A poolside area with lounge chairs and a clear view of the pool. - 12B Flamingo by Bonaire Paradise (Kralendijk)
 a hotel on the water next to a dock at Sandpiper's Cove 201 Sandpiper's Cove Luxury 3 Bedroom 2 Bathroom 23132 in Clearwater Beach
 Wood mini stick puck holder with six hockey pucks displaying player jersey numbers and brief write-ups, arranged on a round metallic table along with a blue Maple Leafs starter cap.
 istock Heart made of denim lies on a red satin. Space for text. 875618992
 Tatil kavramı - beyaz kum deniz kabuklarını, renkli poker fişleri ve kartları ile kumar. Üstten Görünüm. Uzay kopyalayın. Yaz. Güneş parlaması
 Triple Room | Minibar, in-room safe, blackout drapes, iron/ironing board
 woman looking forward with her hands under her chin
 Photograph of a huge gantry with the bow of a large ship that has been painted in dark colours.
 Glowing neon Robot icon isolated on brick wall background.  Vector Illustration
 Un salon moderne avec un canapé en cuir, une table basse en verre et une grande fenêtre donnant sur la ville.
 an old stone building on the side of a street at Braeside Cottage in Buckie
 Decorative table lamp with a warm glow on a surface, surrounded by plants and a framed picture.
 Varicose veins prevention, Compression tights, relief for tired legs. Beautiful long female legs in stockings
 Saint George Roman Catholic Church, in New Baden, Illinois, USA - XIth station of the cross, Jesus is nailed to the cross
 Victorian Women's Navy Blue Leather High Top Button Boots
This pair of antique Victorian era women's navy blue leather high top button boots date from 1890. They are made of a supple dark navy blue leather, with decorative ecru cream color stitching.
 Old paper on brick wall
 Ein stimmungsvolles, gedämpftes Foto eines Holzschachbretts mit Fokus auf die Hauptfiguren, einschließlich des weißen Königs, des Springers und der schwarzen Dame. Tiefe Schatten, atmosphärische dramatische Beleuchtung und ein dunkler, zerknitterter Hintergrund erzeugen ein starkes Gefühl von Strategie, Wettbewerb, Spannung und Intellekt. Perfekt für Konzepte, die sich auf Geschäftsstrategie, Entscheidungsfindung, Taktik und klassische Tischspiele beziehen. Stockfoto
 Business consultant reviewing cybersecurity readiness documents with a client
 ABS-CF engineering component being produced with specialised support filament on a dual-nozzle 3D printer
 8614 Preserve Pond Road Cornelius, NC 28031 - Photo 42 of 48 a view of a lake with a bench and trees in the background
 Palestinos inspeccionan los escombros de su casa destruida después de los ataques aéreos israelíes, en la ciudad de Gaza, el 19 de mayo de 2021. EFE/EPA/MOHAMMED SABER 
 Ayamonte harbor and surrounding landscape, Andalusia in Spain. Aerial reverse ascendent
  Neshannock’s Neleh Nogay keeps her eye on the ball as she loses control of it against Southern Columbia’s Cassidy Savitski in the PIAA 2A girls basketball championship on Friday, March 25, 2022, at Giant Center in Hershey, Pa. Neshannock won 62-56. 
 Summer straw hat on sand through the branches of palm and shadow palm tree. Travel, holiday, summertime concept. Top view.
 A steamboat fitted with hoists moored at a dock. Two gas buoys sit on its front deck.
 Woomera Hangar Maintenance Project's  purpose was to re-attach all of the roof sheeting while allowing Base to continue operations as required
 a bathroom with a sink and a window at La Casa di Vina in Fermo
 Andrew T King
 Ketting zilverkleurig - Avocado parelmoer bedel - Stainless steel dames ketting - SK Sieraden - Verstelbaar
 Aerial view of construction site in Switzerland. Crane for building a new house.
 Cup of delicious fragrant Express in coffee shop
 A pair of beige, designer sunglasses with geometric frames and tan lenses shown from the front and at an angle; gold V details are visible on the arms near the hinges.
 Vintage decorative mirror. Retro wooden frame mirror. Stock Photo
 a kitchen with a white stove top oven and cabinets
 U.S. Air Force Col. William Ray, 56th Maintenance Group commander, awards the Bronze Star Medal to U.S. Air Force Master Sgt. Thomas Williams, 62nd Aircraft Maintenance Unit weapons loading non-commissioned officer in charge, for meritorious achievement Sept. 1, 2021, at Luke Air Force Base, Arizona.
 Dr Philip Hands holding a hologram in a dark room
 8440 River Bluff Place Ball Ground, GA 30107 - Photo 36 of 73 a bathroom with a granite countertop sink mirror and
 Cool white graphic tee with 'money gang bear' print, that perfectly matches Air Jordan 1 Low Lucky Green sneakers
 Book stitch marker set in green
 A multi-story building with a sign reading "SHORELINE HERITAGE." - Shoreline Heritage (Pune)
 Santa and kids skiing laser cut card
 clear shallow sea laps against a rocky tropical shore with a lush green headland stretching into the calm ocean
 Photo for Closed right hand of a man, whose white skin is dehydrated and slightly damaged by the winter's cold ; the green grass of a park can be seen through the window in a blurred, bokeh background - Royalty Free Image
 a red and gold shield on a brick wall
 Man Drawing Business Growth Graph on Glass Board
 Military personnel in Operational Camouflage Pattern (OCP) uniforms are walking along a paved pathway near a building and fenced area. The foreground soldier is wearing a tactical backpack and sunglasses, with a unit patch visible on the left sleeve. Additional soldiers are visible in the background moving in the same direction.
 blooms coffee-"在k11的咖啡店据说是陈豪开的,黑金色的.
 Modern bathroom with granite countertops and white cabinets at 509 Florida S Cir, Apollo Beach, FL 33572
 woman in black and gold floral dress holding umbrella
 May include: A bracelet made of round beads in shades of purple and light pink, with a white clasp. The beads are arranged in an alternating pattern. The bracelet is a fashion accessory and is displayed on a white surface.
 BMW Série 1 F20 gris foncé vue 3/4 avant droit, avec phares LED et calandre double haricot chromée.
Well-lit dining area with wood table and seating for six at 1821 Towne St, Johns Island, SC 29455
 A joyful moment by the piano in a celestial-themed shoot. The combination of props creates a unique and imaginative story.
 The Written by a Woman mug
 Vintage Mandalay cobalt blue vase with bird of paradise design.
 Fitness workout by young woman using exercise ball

WHAT YOU HAVE TO DO :: Reproduce every line of the records containing the string "avec".

RESPONSE ::
 Un salon moderne avec un canapé en cuir, une table basse en verre et une grande fenêtre donnant sur la ville.
 BMW Série 1 F20 gris foncé vue 3/4 avant droit, avec phares LED et calandre double haricot chromée.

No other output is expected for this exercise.